Global & US Headlines
Fourth Day of Nationwide Iranian Protests as Rial Crashes and Central Bank Chief Fired
After the rial slid past 1.4 million per U.S. dollar this week, bazaar strikes snowballed into four straight days of anti-regime protests across at least eight provinces, leading Tehran to sack its central-bank governor and leaving the first confirmed security-force fatality.
Focusing Facts
- Unofficial exchange rate hit roughly 1.45 million rials per USD on 31 Dec 2025, compared with 820,000 a year earlier.
- Central Bank Governor Mohammad Reza Farzin was removed on 29 Dec 2025 and replaced by ex-finance minister Abdolnasser Hemmati.

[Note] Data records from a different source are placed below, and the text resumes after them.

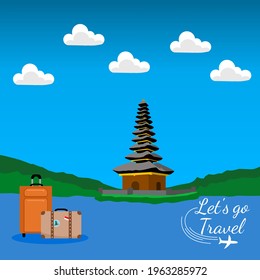 Travel destination vector background and template design with travel destinations Balinese temple. Let's go travel vector illustration.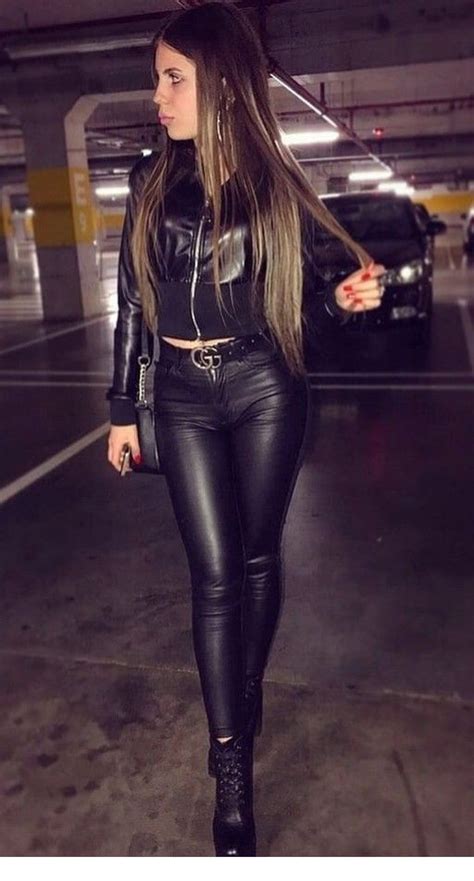 Superb All Black Leather Girl Meisjes Leren Broeken Mooie Vrouw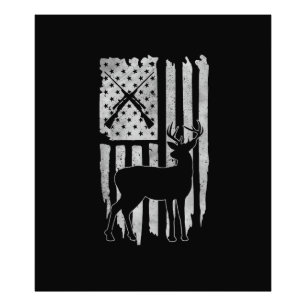 American Flag Deer Hunting Patriotic Hunter Men Wo Photo Print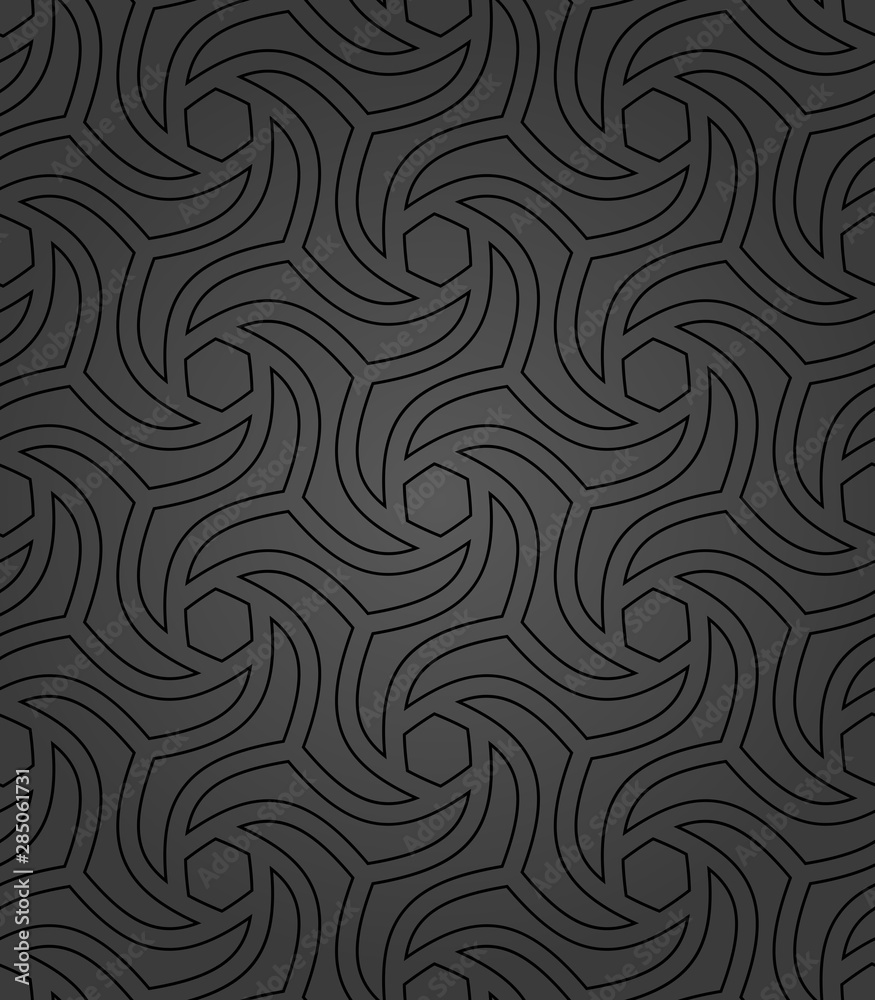 Fototapeta Seamless vector ornament. Modern dark background. Geometric modern pattern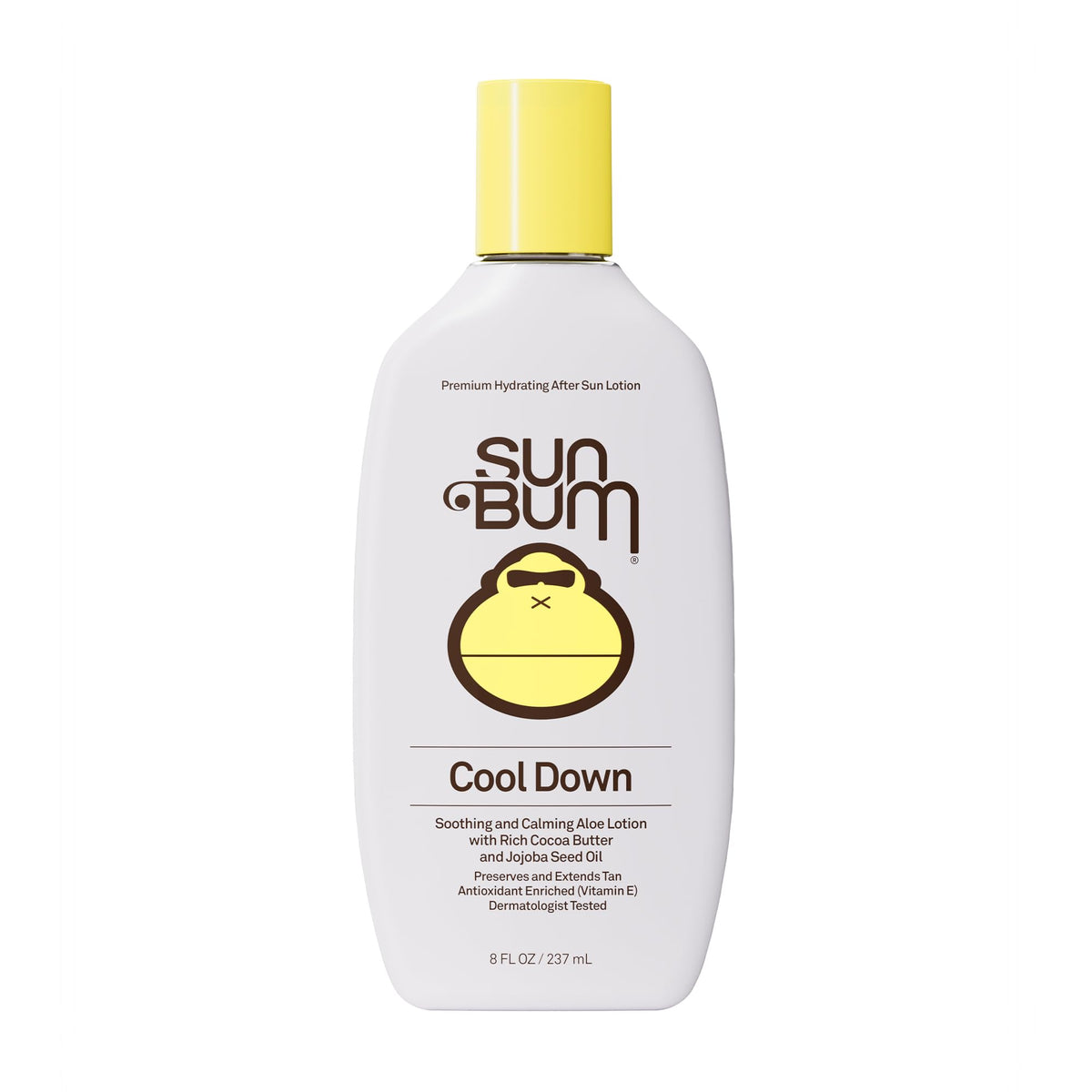 Sun Bum Cool Down front bottle showing branding and size, soothes skin quickly
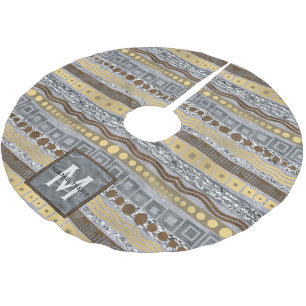 Mixed Metals Monogram Christmas Glam Sparkle Brushed Polyester Tree Skirt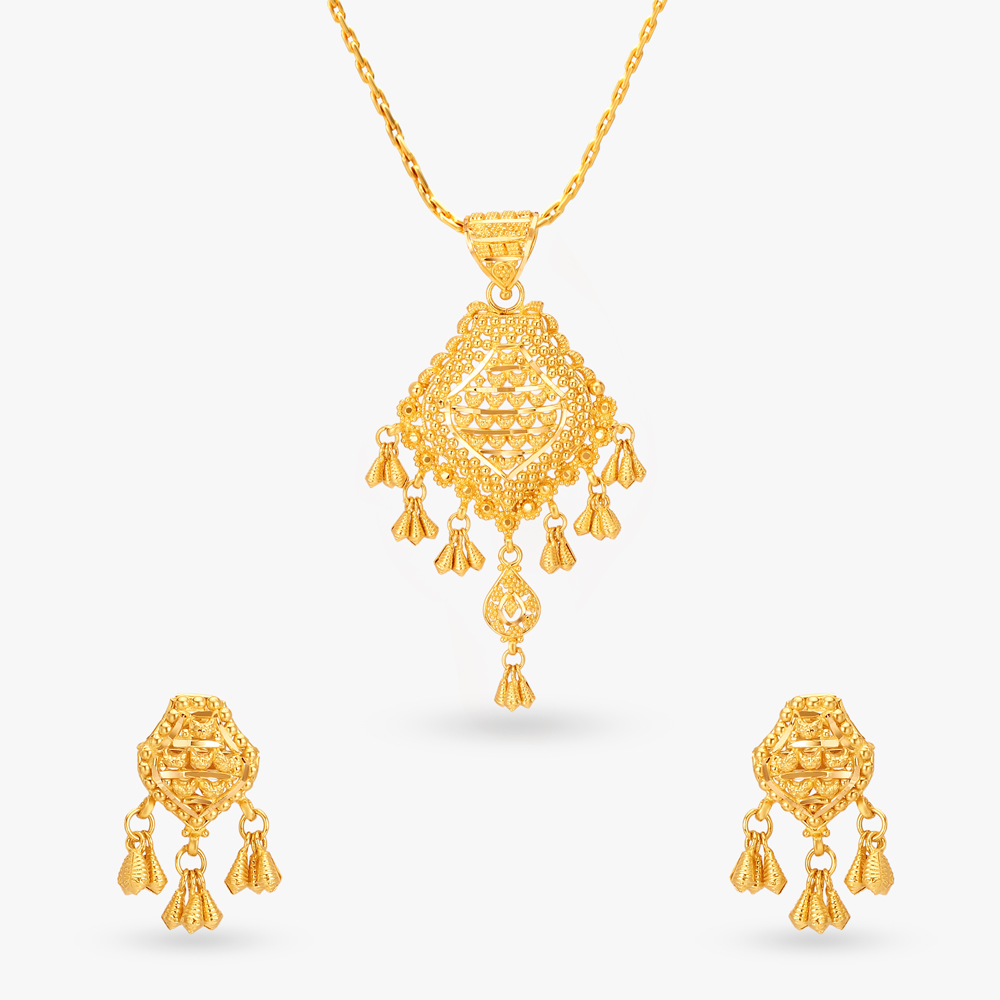 Extravagant Gold Pendant and Earrings Set,,hi-res image number null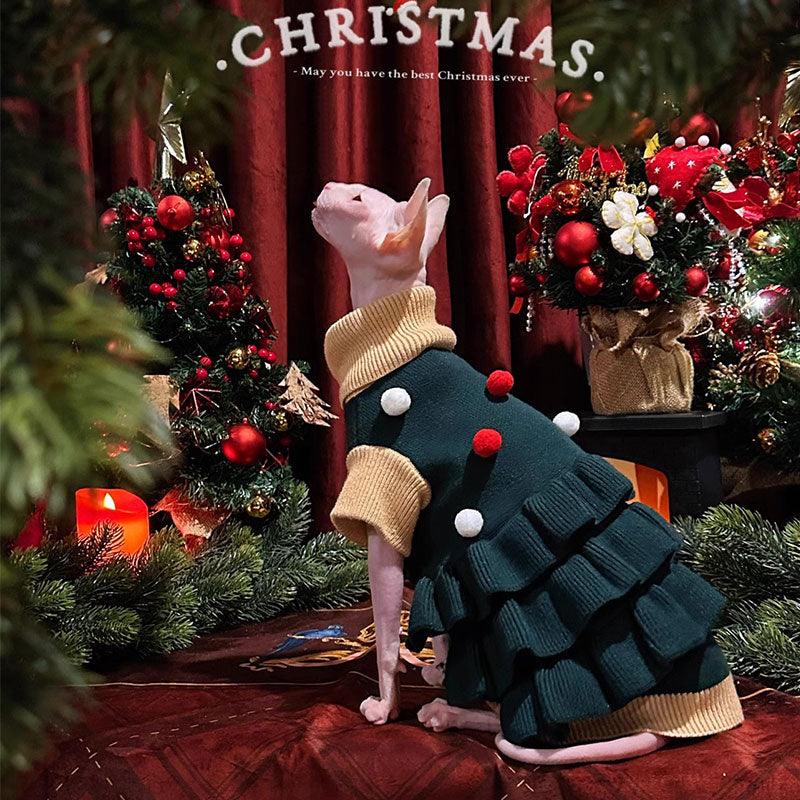 Christmas Lapel Sweater Dress Hairless Cat Clothes
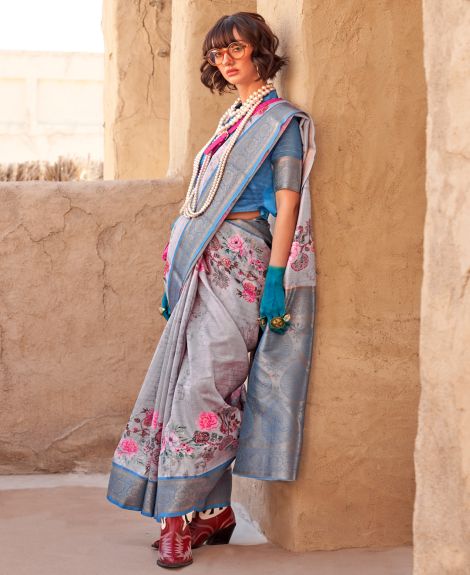 SAREE MALL Women's Georgette Grey Woven Design Designer Saree With Blouse Piece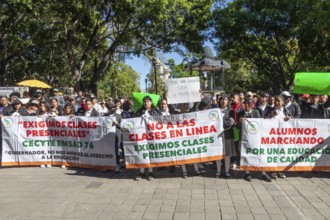 Oaxaca, Mexico, Students rallied outside the Oaxaca government building to demand an end to on-line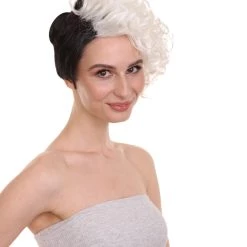 HPO Womens Wig TV/Movie Short Black & White Fancy Cosplay Halloween Wig | Premium Breathable Capless Cap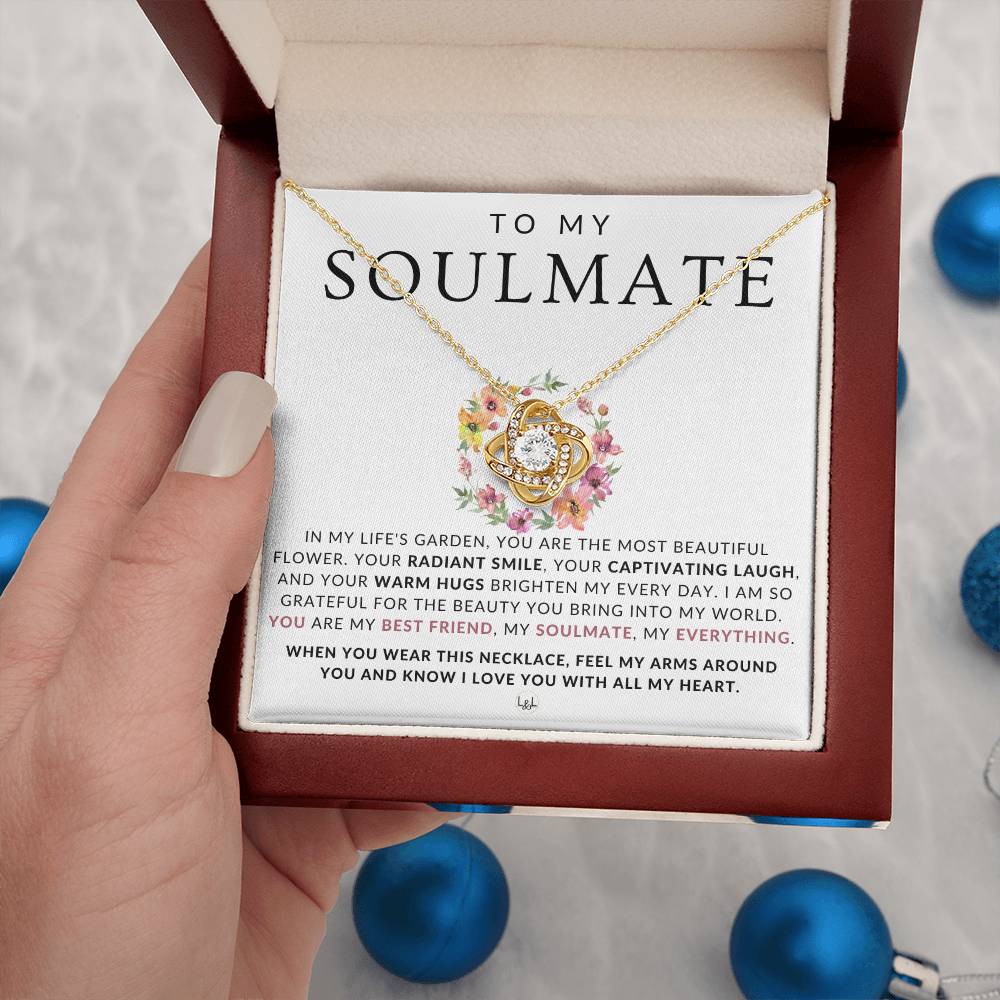 Romantic Gift For Her - To My Soulmate - The Beauty You Bring - Beautiful Women's Pendant + Heartfelt Message - Perfect Christmas Gift, Valentine's Day, Birthday or Anniversary Present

- Basij paramilitary member Amir Hossam Khodayari Fard (21) was killed during clashes in Lorestan on 31 Dec 2025.
Context
When Tehran’s Grand Bazaar last turned on the state—in the summer of 1978—the monarchy fell within nine months; earlier, Soviet coal-miners’ strikes in July 1989 foreshadowed the USSR’s collapse within two years. Whether 2025’s rial-driven turmoil is as portentous remains uncertain, but it exposes two long-running structural strains: an import-dependent oil economy being throttled by sanctions and mis-management, and a hyper-connected, youthful population whose political patience has eroded since the Green Movement of 2009, the fuel riots of 2019, and the 2022 “Woman, Life, Freedom” uprising. The bazaar’s participation punctures the regime’s traditional support base, while simultaneous talk of fresh Israeli-U.S. strikes risks turning economic anger into nationalist defense—something autocracies have historically exploited. On a century scale, currency collapses often precede regime renegotiation or replacement; if the Islamic Republic cannot reverse the rial’s free-fall or curb external entanglements, this week may be remembered less for its street skirmishes than for signaling that Iran’s 1979 revolutionary model is approaching the limits of economic legitimacy in the 21st-century global system.
Perspectives
Israeli media
e.g., Ynetnews, Arutz Sheva — Sees the nationwide demonstrations and anti-Khamenei chants as proof the Islamic Republic is tottering under popular fury and violent repression. Outlets from Israel – an adversary of Iran – benefit strategically from portraying Tehran as unstable and may spotlight regime brutality and size of crowds while downplaying economic sanctions or other root causes.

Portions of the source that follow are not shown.